(Dataset records)
-- Opening Marker --

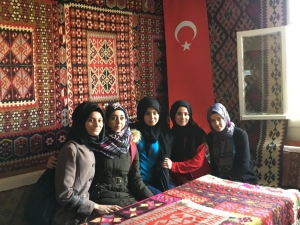 Türk Ve Suriyeli Gençler Kampa Buluştu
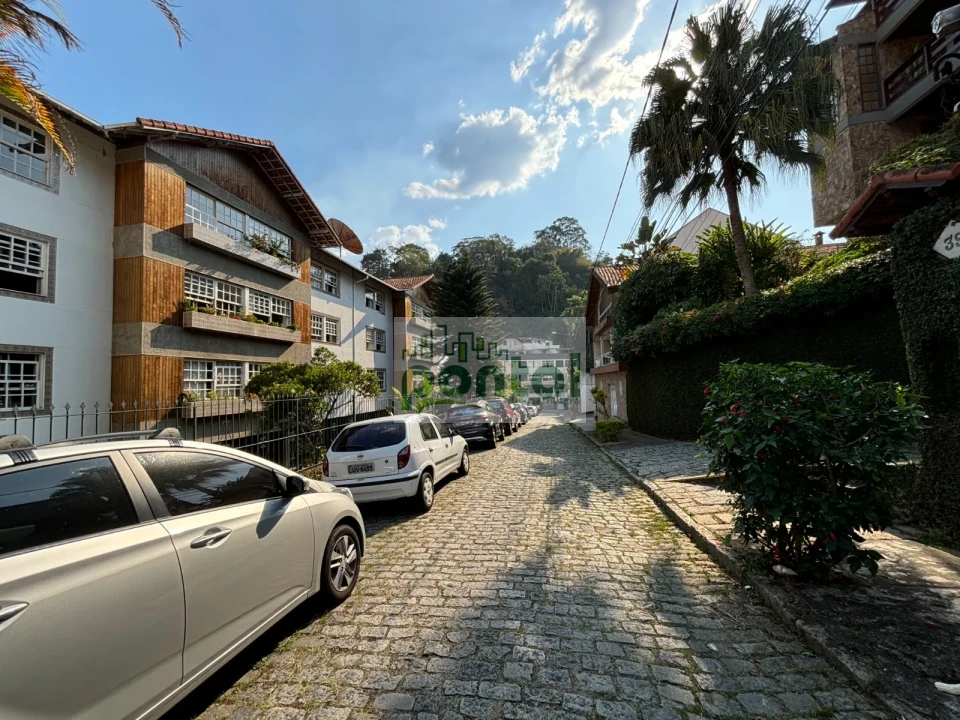 Imagens do imóveis Apartamento de 3 Quartos nas Braunes, Praticamente no Centro — Apenas 200m da Avenida Alberto Braune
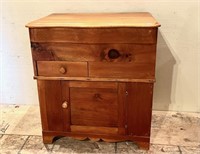 PINE CLOSED WASHSTAND/DRY SINK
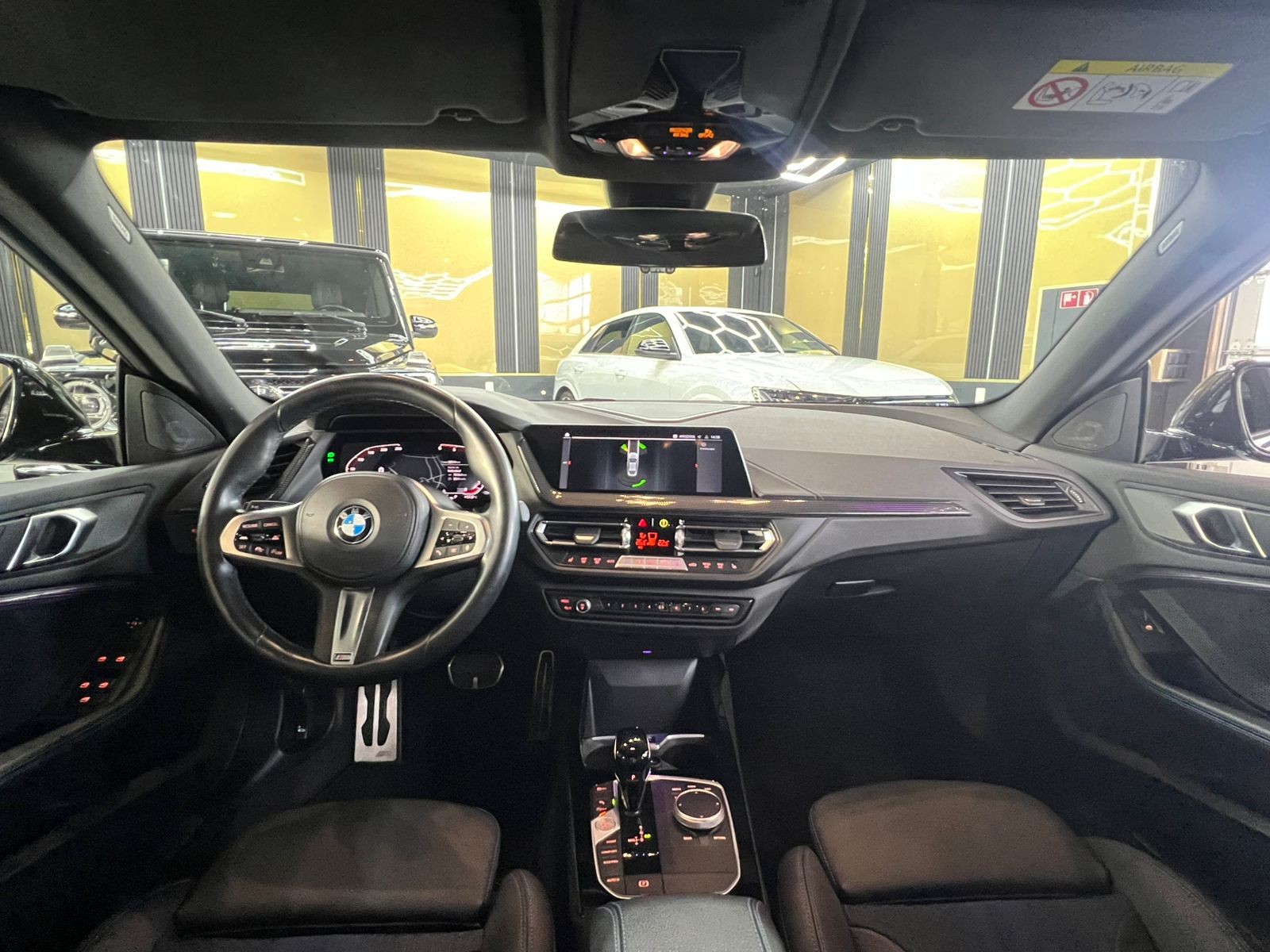 BMW 218d Gran Coupé M Sport Steptronic-image-12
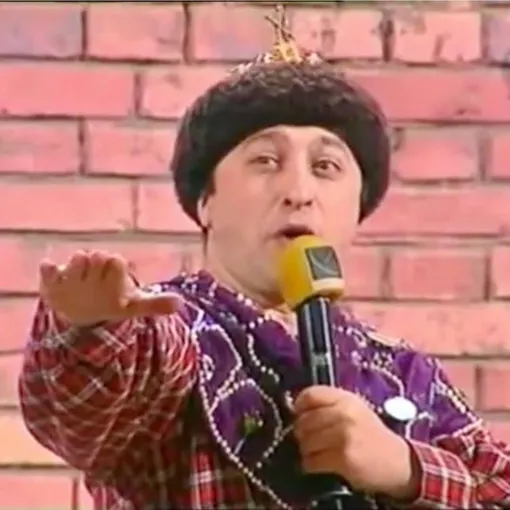 Павел Козмопулос в составе «Сборной Пятигорска» стал чемпионом Высшей лиги КВН 2004 года Павел Козмопулос в составе «Сборной Пятигорска» стал чемпионом Высшей лиги КВН 2004 года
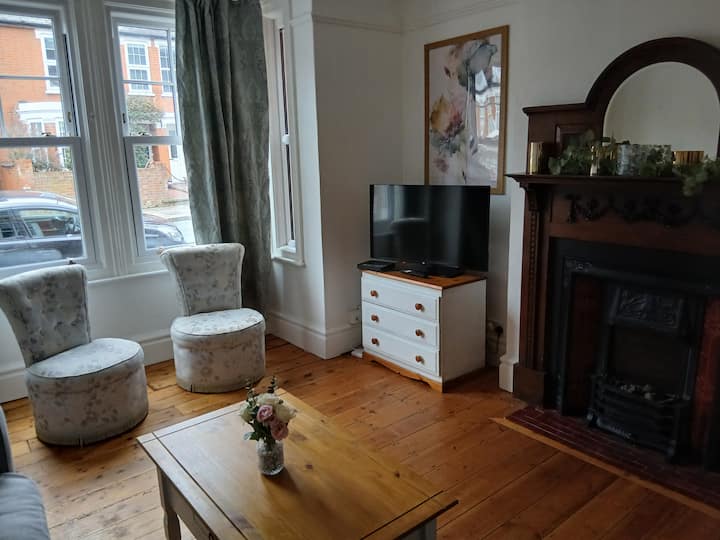 Spacious 4‑bedroom House, Garden & Hot Tub - Ipswich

-- Closing Marker --

Pictures aside, reproduce every record exactly as it stands.

(Exercise solution)
 Türk Ve Suriyeli Gençler Kampa Buluştu
 Imagens do imóveis Apartamento de 3 Quartos nas Braunes, Praticamente no Centro — Apenas 200m da Avenida Alberto Braune
 PINE CLOSED WASHSTAND/DRY SINK
 BMW 218d Gran Coupé M Sport Steptronic-image-12
 Павел Козмопулос в составе «Сборной Пятигорска» стал чемпионом Высшей лиги КВН 2004 года Павел Козмопулос в составе «Сборной Пятигорска» стал чемпионом Высшей лиги КВН 2004 года
 Spacious 4‑bedroom House, Garden & Hot Tub - Ipswich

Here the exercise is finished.